Authors: Yi-Lun Lee, Yi-Hsuan Tsai, Wei-Chen Chiu
Abstract: While large vision-language models (LVLMs) have shown impressive capabilities
in generating plausible responses correlated with input visual contents, they
still suffer from hallucinations, where the generated text inaccurately
reflects visual contents. To address this, recent approaches apply contrastive
decoding to calibrate the model’s response via contrasting output distributions
with original and visually distorted samples, demonstrating promising
hallucination mitigation in a training-free manner. However, the potential of
changing information in visual inputs is not well-explored, so a deeper
investigation into the behaviors of visual contrastive decoding is of great
interest. In this paper, we first explore various methods for contrastive
decoding to change visual contents, including image downsampling and editing.
Downsampling images reduces the detailed textual information while editing
yields new contents in images, providing new aspects as visual contrastive
samples. To further study benefits by using different contrastive samples, we
analyze probability-level metrics, including entropy and distribution distance.

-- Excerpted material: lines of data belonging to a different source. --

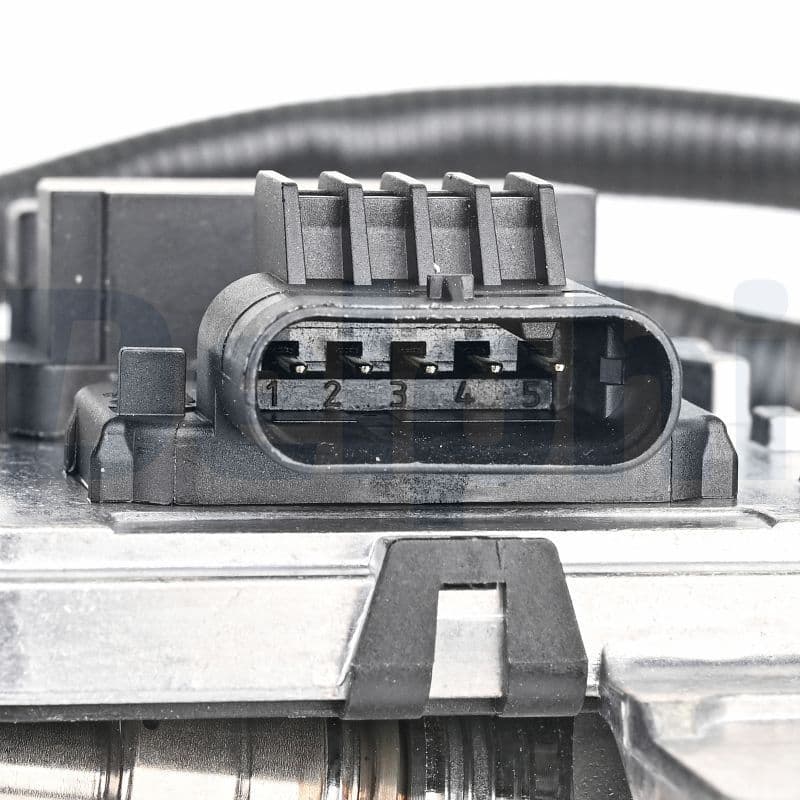 NOx-sensor past: PORSCHE CAYENNE  VW TOUAREG 3.0D 01.10-05.18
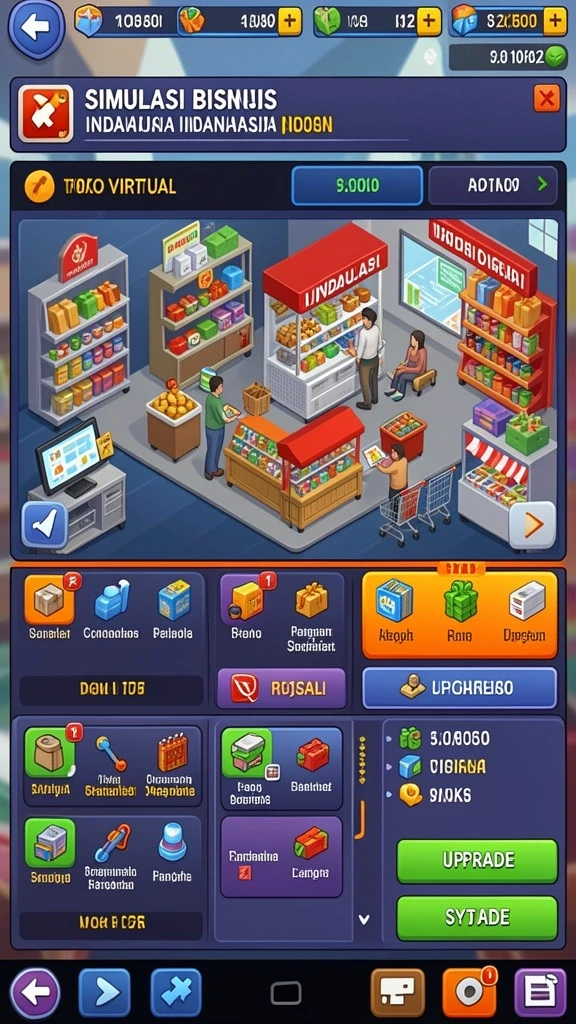 Tampilan awal BOY303 yang menarik dan user-friendly.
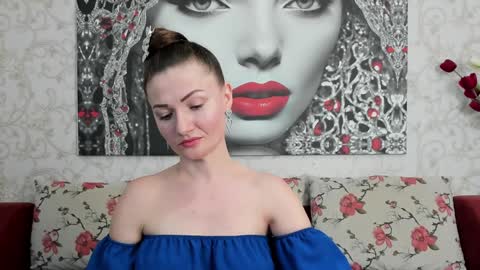 Ingrid or more easier...Miss  GoDDess Mistress online show from February 1, 2025, 10:55 pm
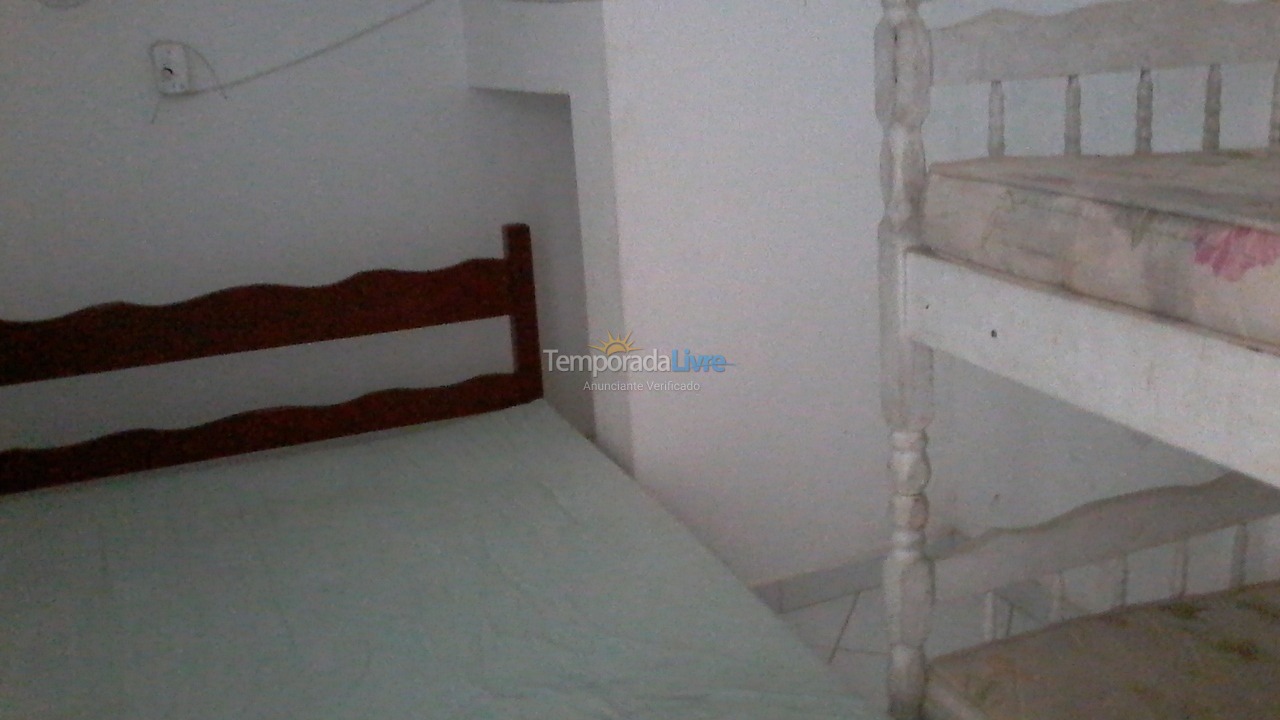 House for vacation rental in Guarapari (Rua Rio de Janeiro 25)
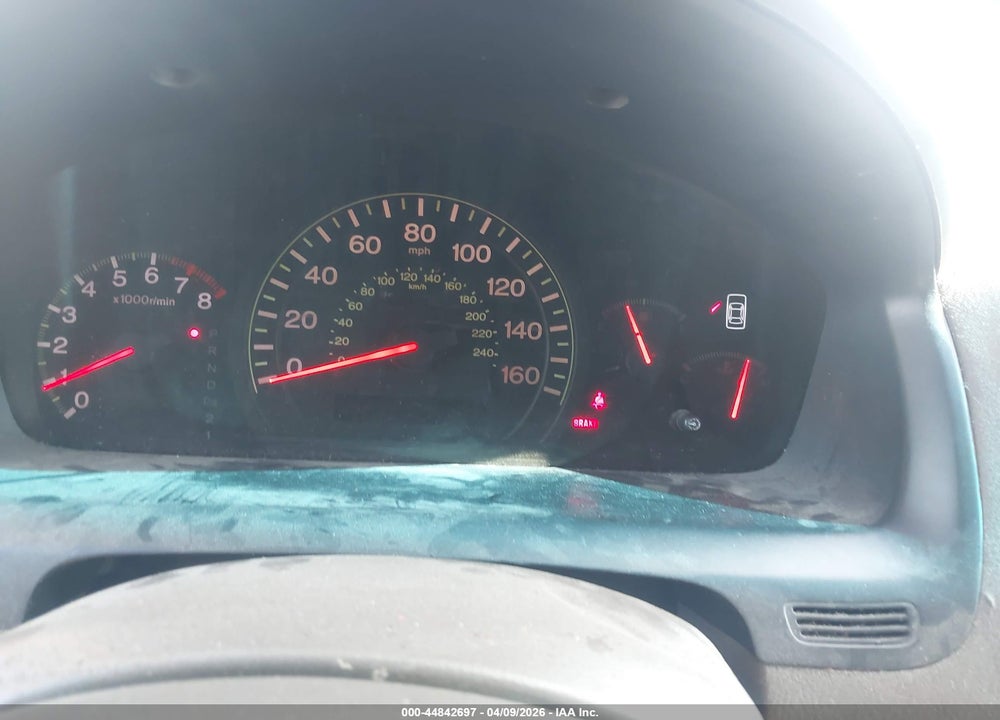 2003 HONDA ACCORD 2.4 EX VIN: JHMCM566X3C011955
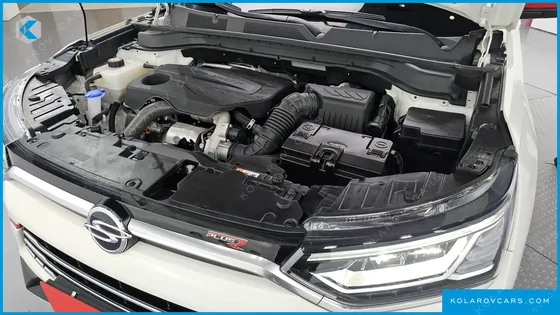 KGM - SSANGYONG KORANDO GASOLINE 1.5 2WD R-PLUS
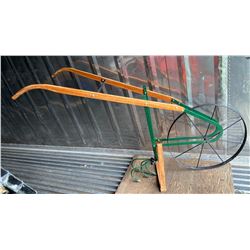 ANTIQUE CULTIVATING IMPLEMENT TOOL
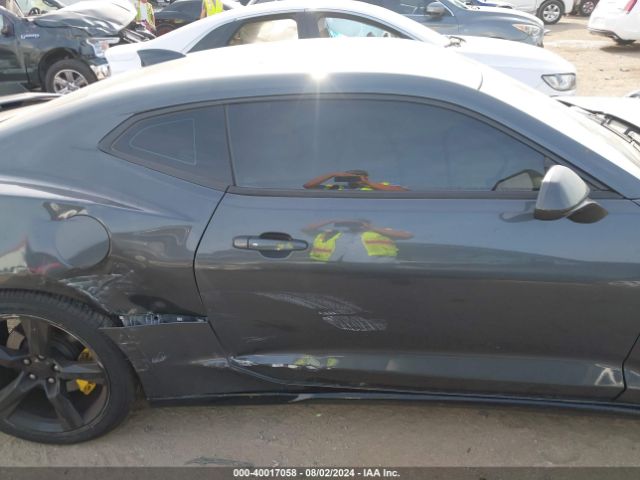 1G1FF1R75H0204019 Chevrolet Camaro 1ss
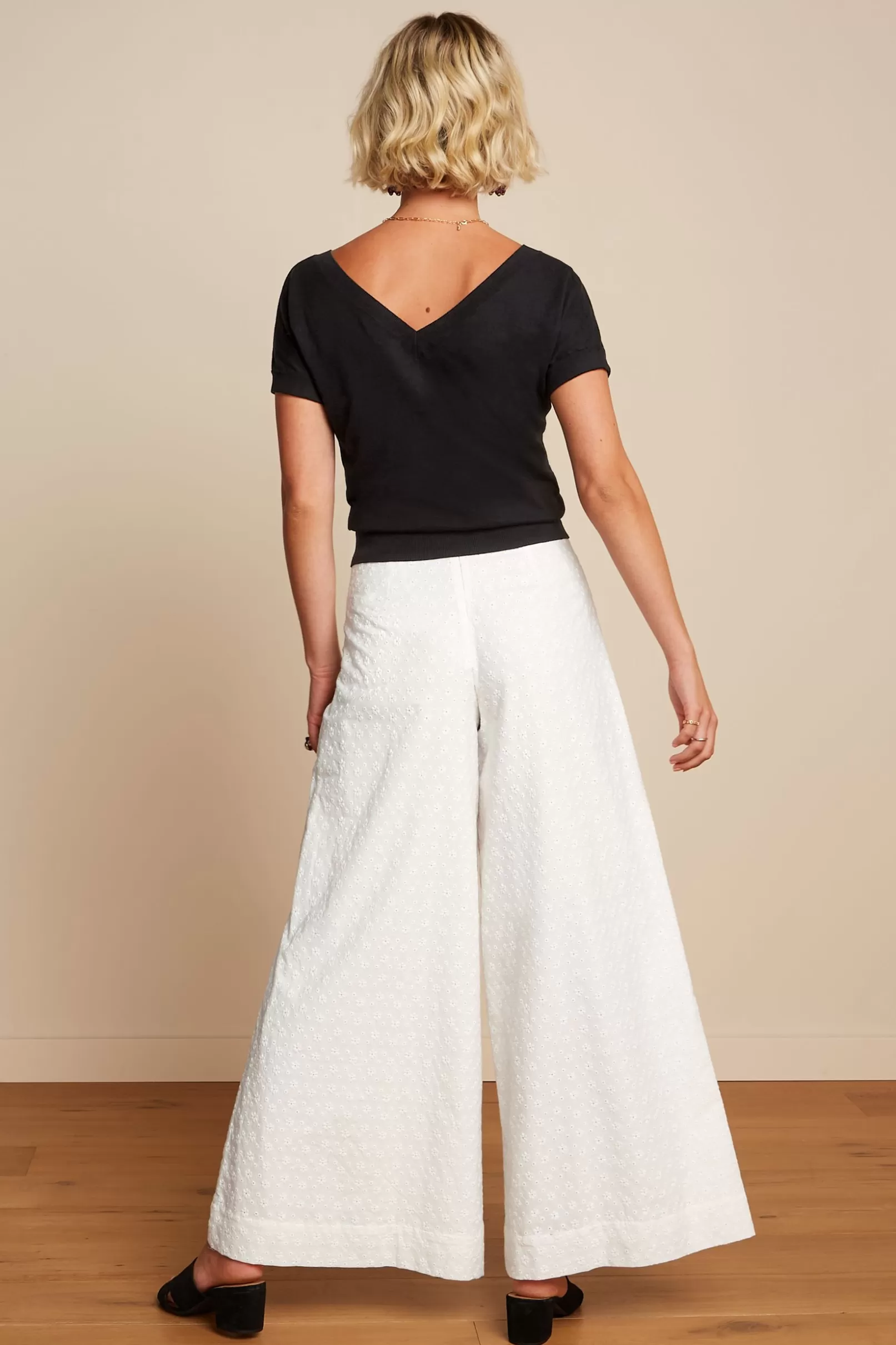 palazzo_pants_rosa_broderie_anglaise_2.webp Broeken*King Louie Palazzo Pants Rosa Broderie Anglaise White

Interestingly, the effect of these samples in mitigating hallucinations varies
a lot across LVLMs and benchmarks. Based on our analysis, we propose a simple
yet effective method to combine contrastive samples, offering a practical
solution for applying contrastive decoding across various scenarios. Extensive
experiments are conducted to validate the proposed fusion method among
different benchmarks.
Source: http://arxiv.org/abs/2412.06775v1